The largest data set of women found to be gestationally exposed to imatinib (N = 180) demonstrates potential risk of fetal abnormalities and fetal loss. The majority of exposures in the data set occurred in the first trimester; of these women, 28% underwent elective termination secondary to treatment. Three of these terminations were performed following identification of multisystem fetal abnormalities on obstetric ultrasound. These study results cited a 14.4% risk of spontaneous abortion; however, they also demonstrated that normal infants were delivered in 50% of exposed pregnancies. Given limited evidence of fetal harm, best practices still include prevention of pregnancy while taking imatinib and consideration of termination should a pregnancy occur while taking the drug.44

While there are a paucity of data with regard to imatinib in pregnancy, data are even more scarce with regard to fertility while on imatinib therapy or fertility after cessation of therapy.
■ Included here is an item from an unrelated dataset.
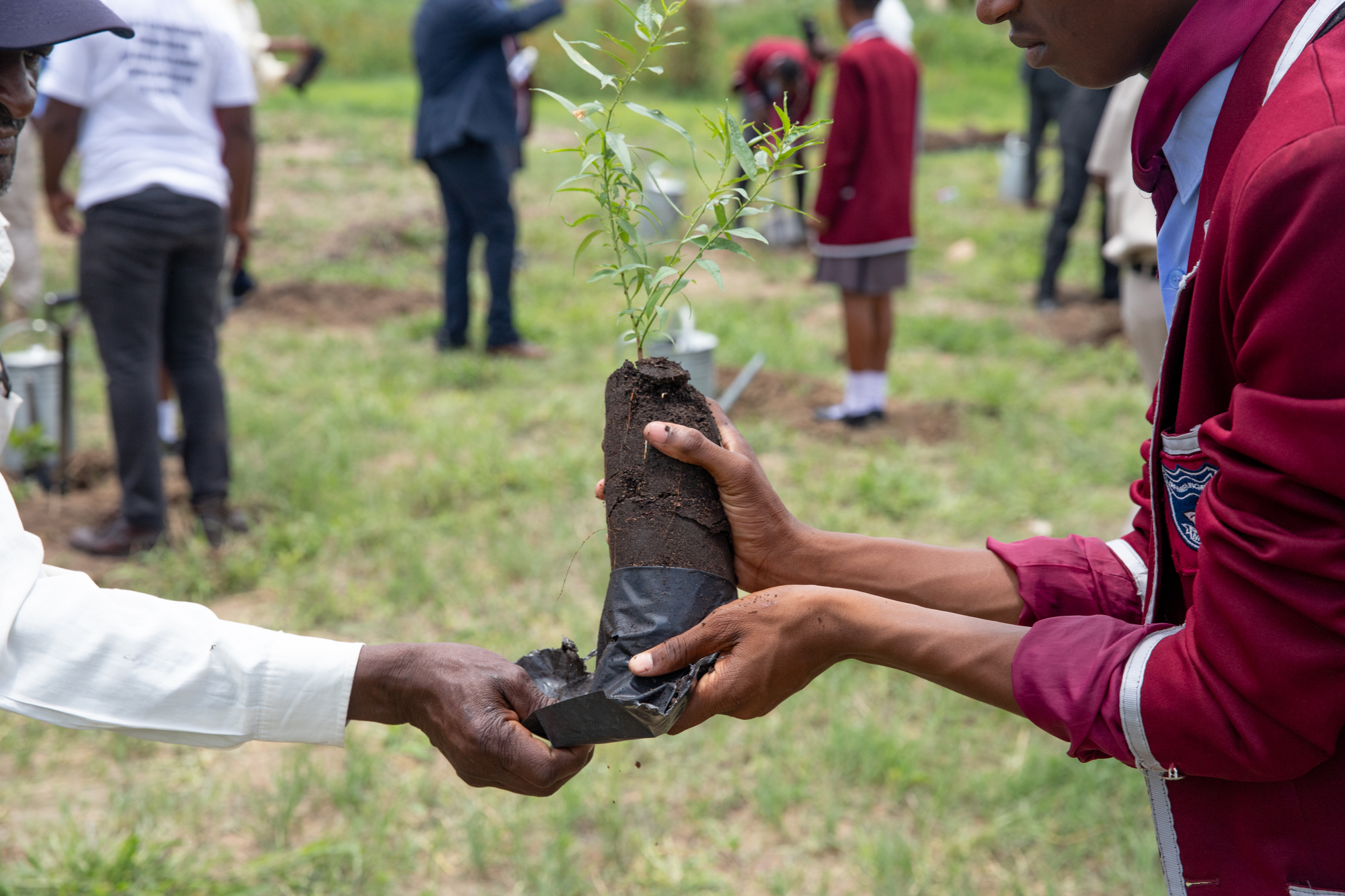 LINCZ Learning & Research Hub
Available literature demonstrates a single case report indicating that active treatment with imatinib can result in reversible diminished ovarian function when undergoing fertility preservation. Long-term data, however, are clearly lacking.45


GISTs are rare tumors that account for a small percentage of gastrointestinal neoplasms and they are usually discovered incidentally. While surgery remains the backbone of treatment, our understanding of aberrant molecular pathways in the pathogenesis of this disease and the rapid development of molecular therapies targeting these pathways have resulted in dramatic results redefining the management of these traditionally chemotherapy-resistant tumors. Neoadjuvant imatinib therapy—with the goal of shrinking the tumor and allowing organ preservation and less extensive surgery than would otherwise be required for some patients—and long-term adjuvant therapy—for patients with high risk of recurrence—now enable many GIST patients to live long, normal lives. Quality of life has now become an important issue for patients on long-term TKI therapy.

Outcome of the Case

After successful curative-intent surgery, the patient remains on 800-mg adjuvant imatinib with a goal of 3 to 5 years of treatment. Discussions were held about her fertility while on imatinib, her options for healthy childbearing, her individual prognostic factors, and her predicted survival with the treatment options that are currently available. She also had a comprehensive consultation with a fertility expert (the third author). She was offered several options, including contraception until after completion of her treatments, oocyte cryopreservation, and embryo cryopreservation. Based on the data (although limited) indicating that the diminished ovarian reserve while on imatinib is reversible, she decided to pursue pregnancy after her adjuvant treatment is completed.

Financial Disclosure: The authors have no significant financial interest in or other relationship with the manufacturer of any product or provider of any service mentioned in this article.